I can remember a similar sentiment I expressed to Seeby over lunch one day shortly after he blubbed on the stage at one of Dotcom’s manufactured public events, though I was rather more brutal and nuanced like Rodney is.

Seeby Woodhouse is a smart and successful tech entrepreneur. He exemplifies the barminess that comes over even the best and brightest when it comes to environmental policy.

He told NBR’s Ask Me Anything he votes Green: “Although the Greens’ policies may cost me a little more as a high-income taxpayer, I’m happy to pay that in return for clean rivers, a non-polluted environment, freedom from internet spying, Kiwi kids who go to school with lunches, a future for my kids where the planet doesn’t boil and generally sound economic policies that deliver for all sectors of society.”

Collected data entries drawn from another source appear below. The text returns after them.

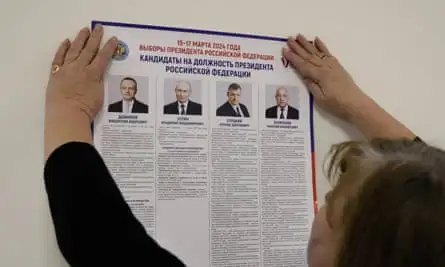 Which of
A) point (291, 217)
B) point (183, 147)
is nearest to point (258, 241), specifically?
point (291, 217)

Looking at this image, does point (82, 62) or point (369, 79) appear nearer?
point (82, 62)

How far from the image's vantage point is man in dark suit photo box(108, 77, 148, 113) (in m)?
0.86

I, too, would vote Green – and pay more tax – if the results were as Mr Woodhouse believes them to be.

But noble intentions aren’t enough; they don’t guarantee good results. And belief is no substitute for reason.

The century just gone was choc-a-bloc with noble intention and naive belief. The result? Unrivalled human misery. Nationalistic fervour and the promise of workers’ paradises delivered gulags, death camps and a world at war.

Naive political belief – as exemplified by Mr Woodhouse – is at once charming and beguiling and the most dangerous thing on the planet.